My friend is fluent in Hebrew and adept at navigating Israeli websites. It still took him an hour late at night to figure out that he had to take his document to a Magistrate’s Court, whatever that is.

Why? In America, federal documents are apostilled by the US Department of State. Birth certificates are apostilled in offices of that state’s secretary. In Boston, apostilles of local documents are done at the McCormack Office Building on Ashburton Place, which houses several state agencies, none of which is part of the court system.

Why in Jerusalem are apostilles done at a court office?

In bureaucracy, “Why” questions are out of bounds and ignored. Bureaucracies do things the way they do them because this is the way they do them. That others elsewhere do them otherwise is not their concern.

To apply for Israeli citizenship, I needed my birth certificate apostilled. I actually have my original Pennsylvania birth certificate, signed in an elegant hand with a fountain pen. It features [please see photo above] an image of a Madonna-like figure embracing a pudgy babe with an awful lot of hair, flanked by a quotation from Ecclesiastes (12:1), that alludes to the final fate of all flesh. Newborn nurseries in southwestern Pennsylvania in those days were indeed sites of somber reflection.

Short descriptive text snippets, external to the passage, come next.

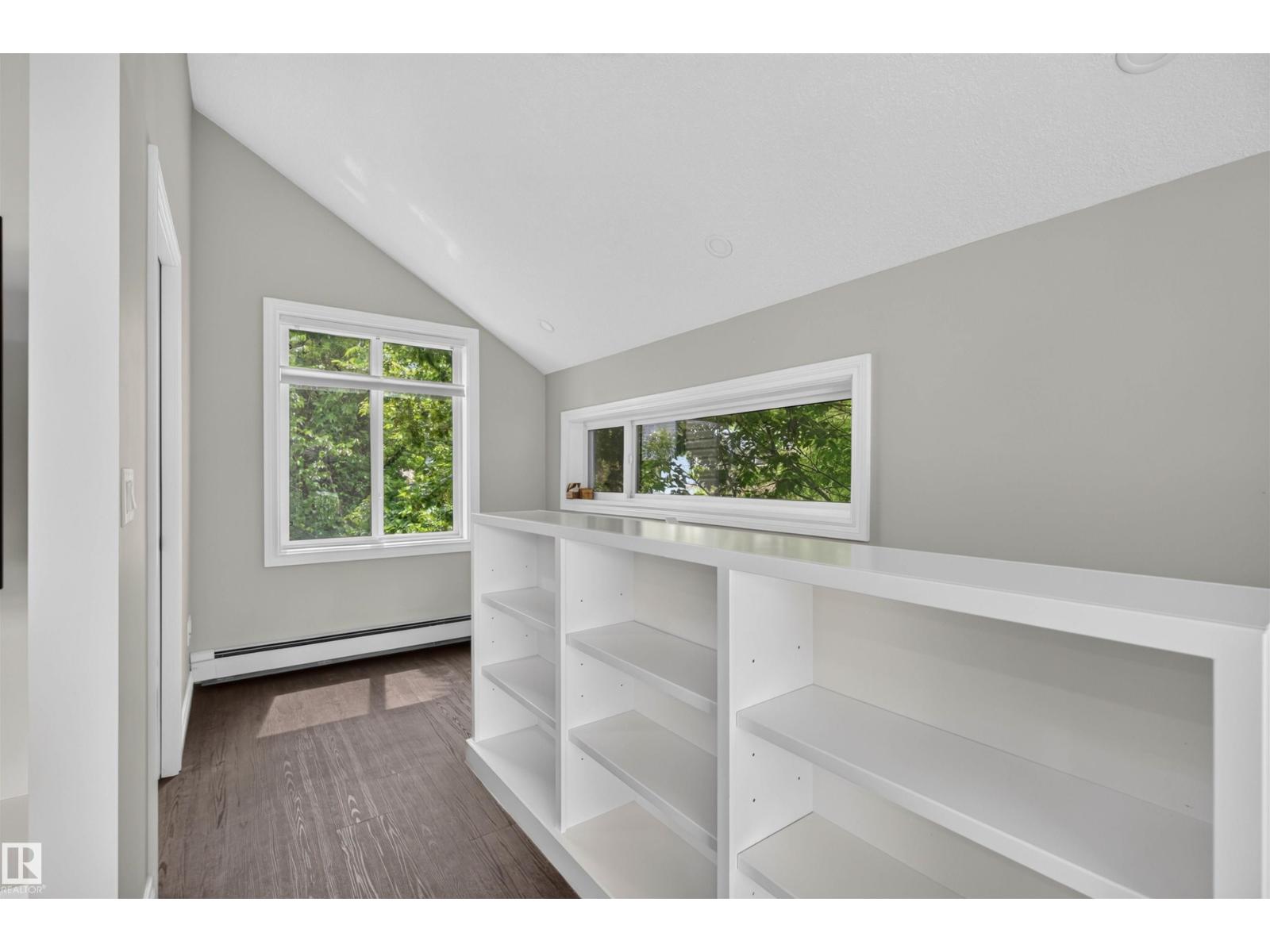11212 75 Av Nw Property Photo 16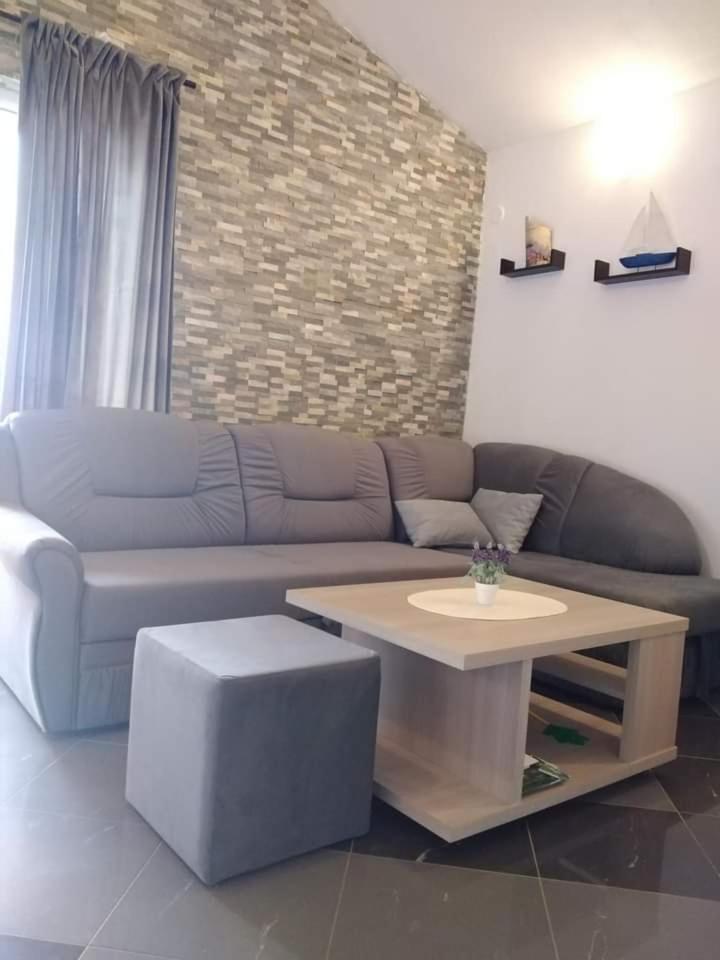 Apartmani Ivankovic Karlobag Room photo
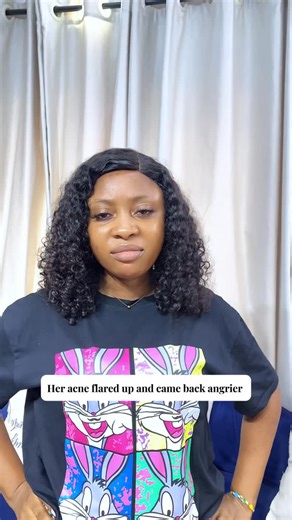 | THE BEAUTY COGNOSCENTE | on Instagram: "I told my client: “Touch it and it’ll scar.” They touched it. The pimple smacked back 😌🤷‍♀️"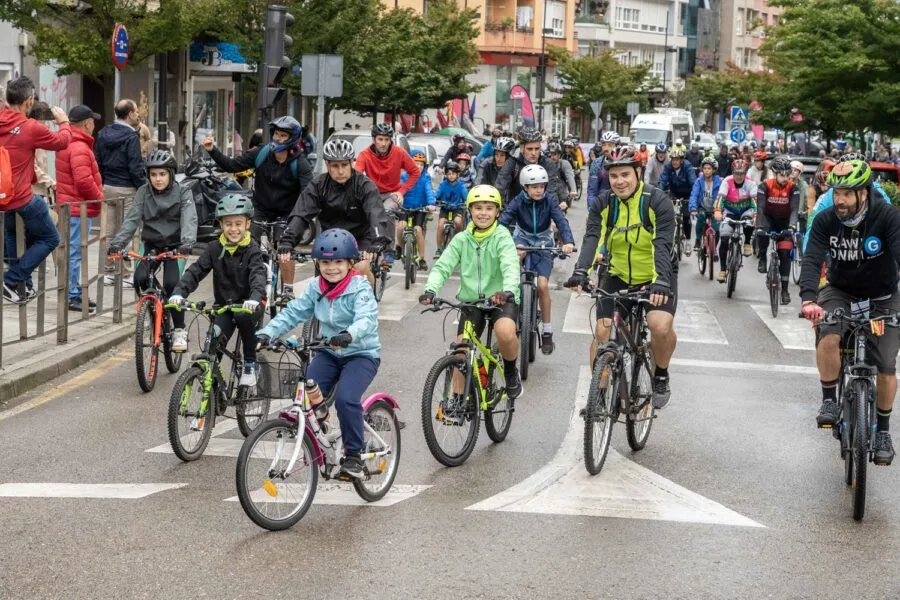 Noticias de Cantabria | El Cántabro | Camargo se prepara para reunir a cerca de un millar de ciclistas en la 42ª edición del Día de la Bici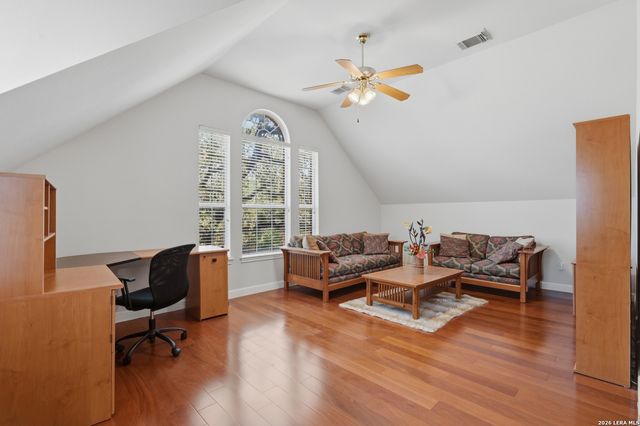 2606 Leakey, San Antonio, TX 78251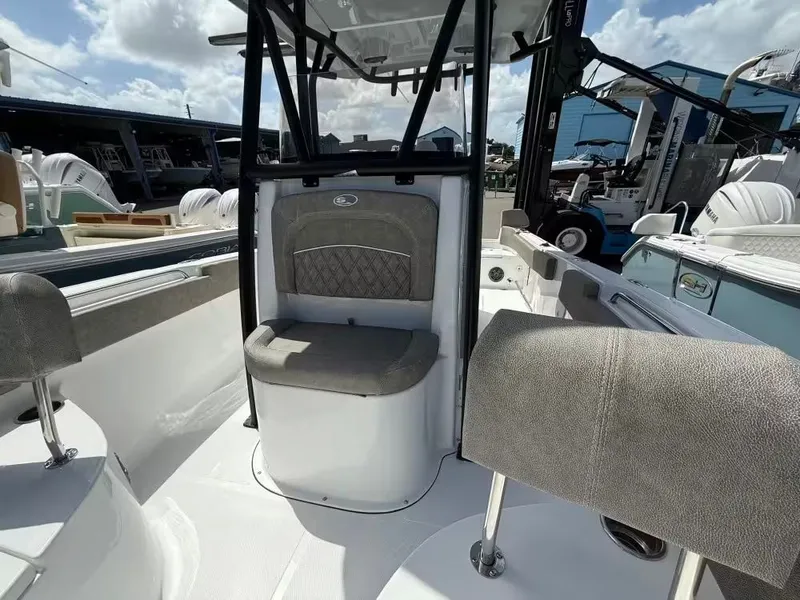 Slide: The Image of Sea Hunt Ultra 229 2026 - 9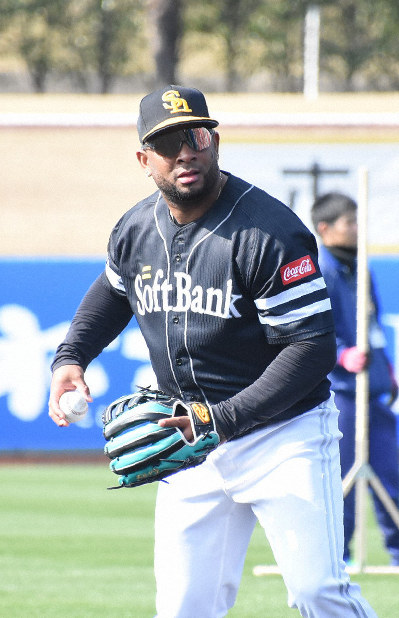 同じチームでやりたかった」タカ王会長と会話 バレンティン キャンプ 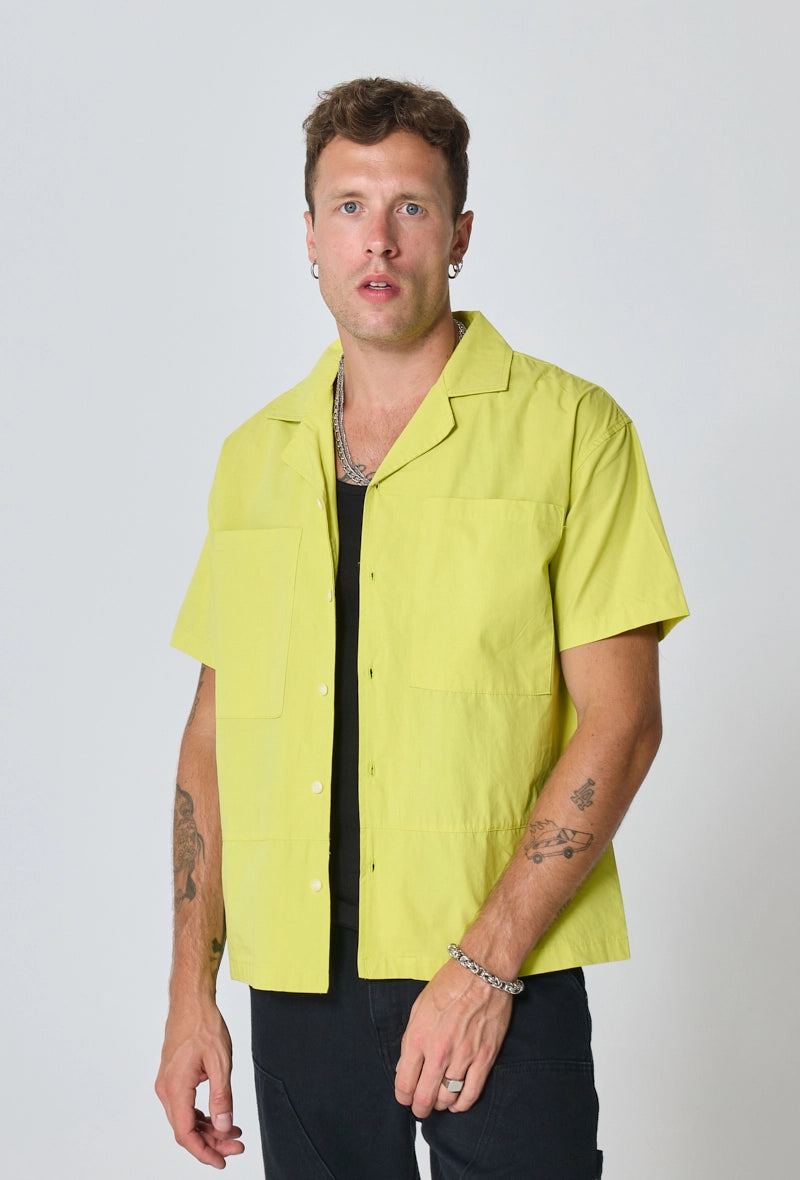 Chemise unie manches courtes
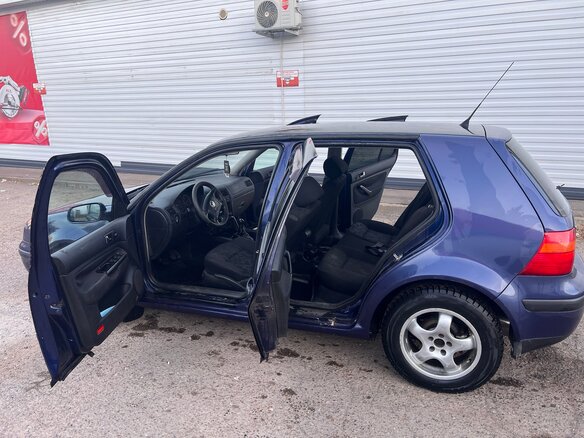 1999 Volkswagen Golf IV, синий, 200000 рублей - вид 5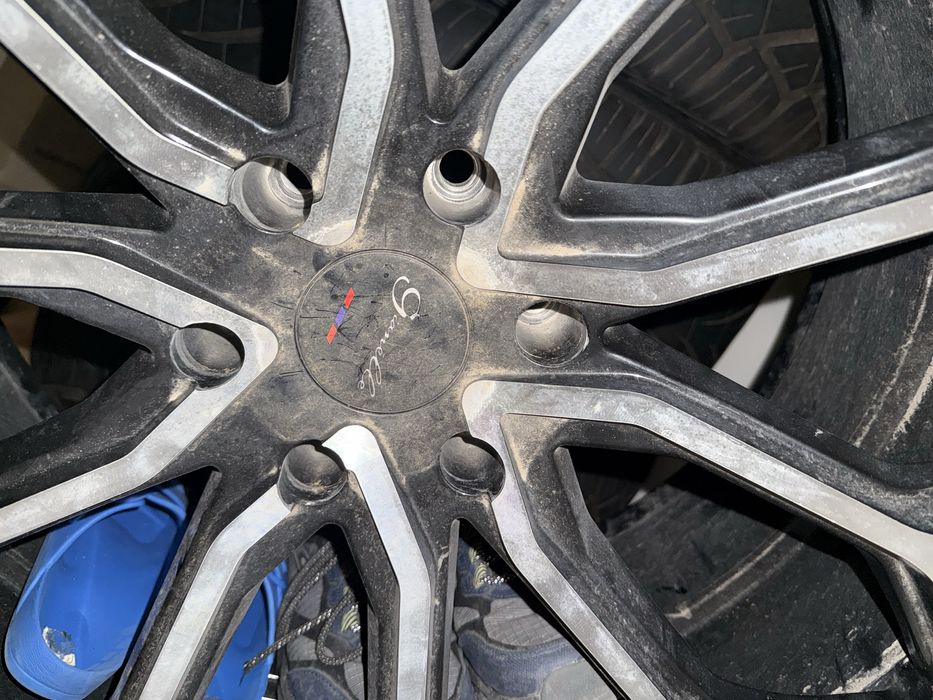 Размер 305/35/24 с дисками Италия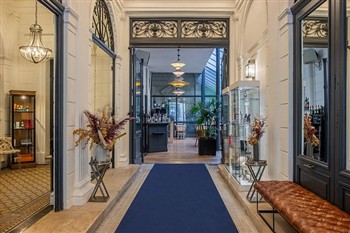 View of the Le Boutique Spa Hotel in Bordeaux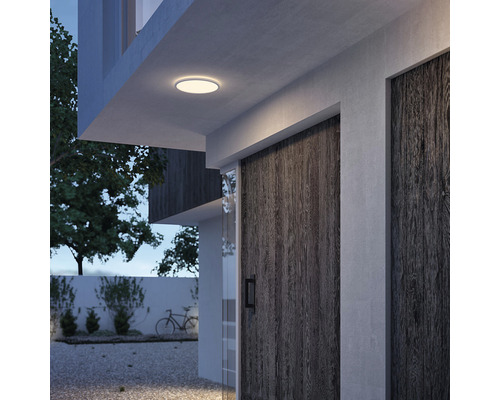 Moderne Hausfassade mit runder Deckenleuchte für den Außenbereich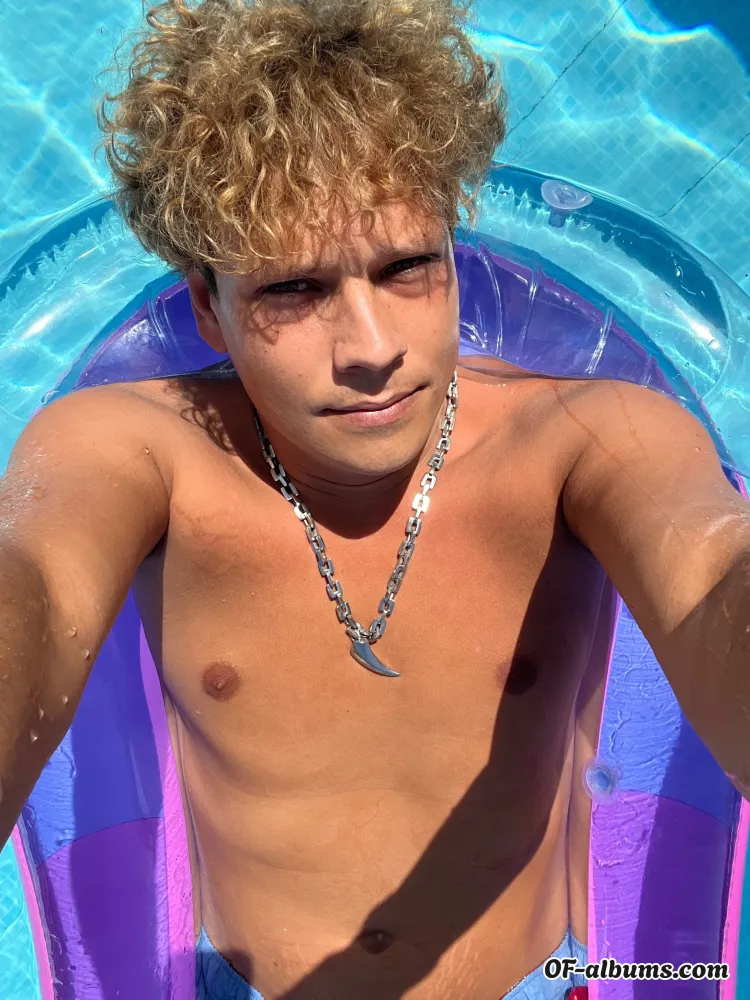 Image #1 of kinky420twinky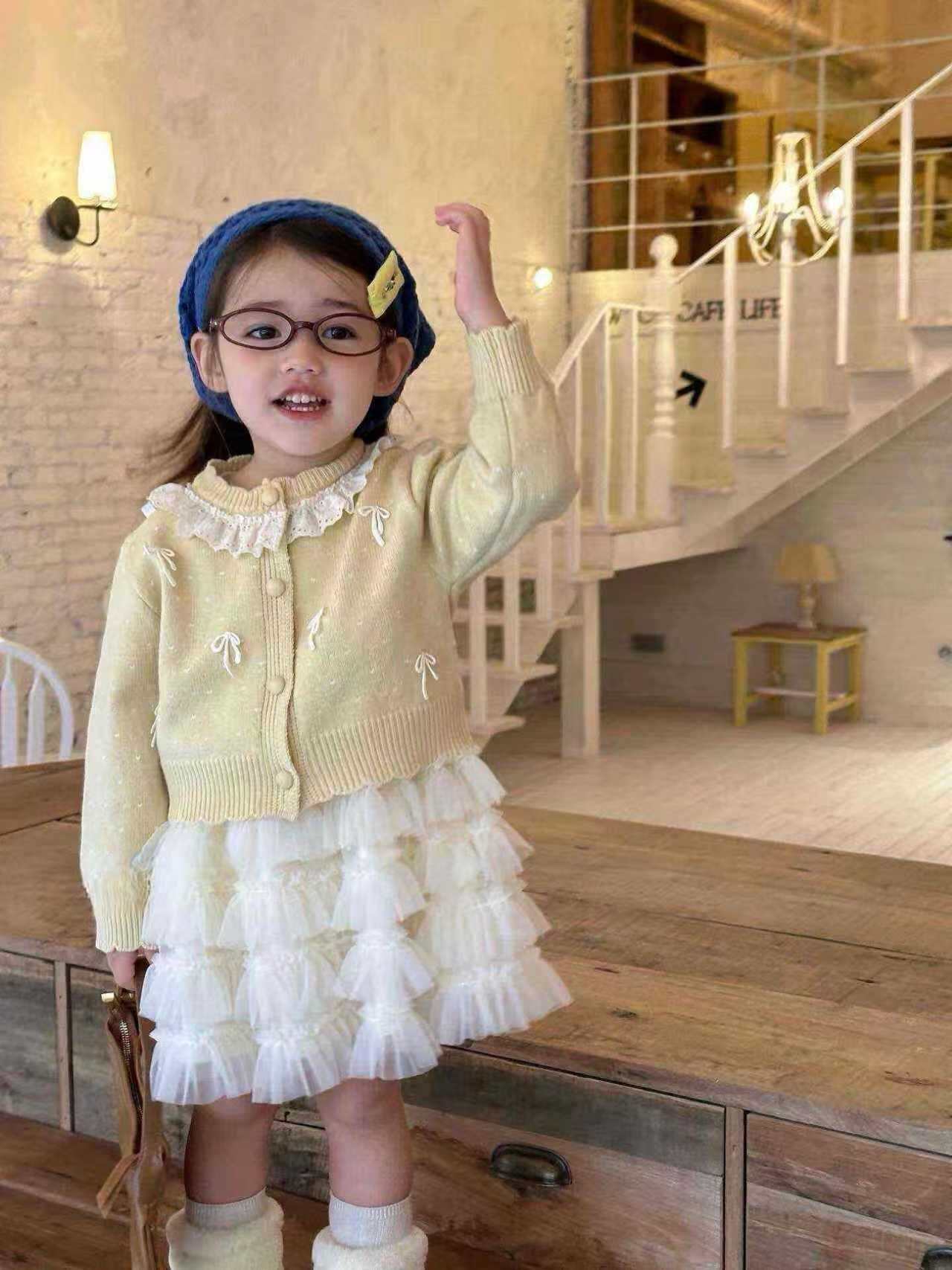 BYB09SE099YW 天使淡黃通花領針織外套連奶白蛋糕連身裙套裝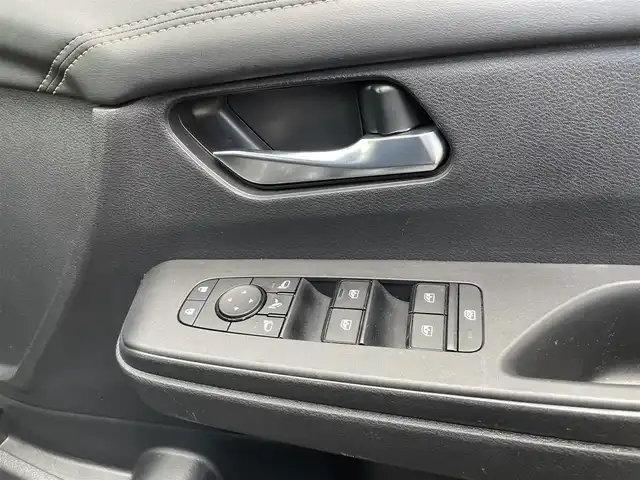 日産 セレナ ハイウェイスター V 佐賀県 2023(令5)年 2.3万km ダイヤモンドブラック プロパイロット/エマージェンシーブレーキ/インテリジェントクルーズコントロール/BSI/BSW/前後ソナー/インテリジェントルームミラー/純正9型SDナビ/・アラウンドビューカメラ/・フルセグTV/BT/HDMI/純正後席モニター/両側パワースライドドア/純正16インチAW/LEDヘッドライト/オートマチックハイビーム/オートライト/フォグランプ/革巻きステアリング/パドルシフト/ETC/電動パーキングスイッチ/社外前方ドラレコ/リアサンシェード/2列目バックテーブル//スペアキー×1/保証書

My original birth certificate was, however, the wrong kind for apostille. (I told you not to ask why!) I had to order the proper form from the Official Vendor of all 50 states and send it off to the Pennsylvania Secretary of State. Because of COVID, all offices in all states were closed to in-person requests. What might have taken 10 minutes in person or 2 weeks by mail therefore took three months to come back, stamps and all.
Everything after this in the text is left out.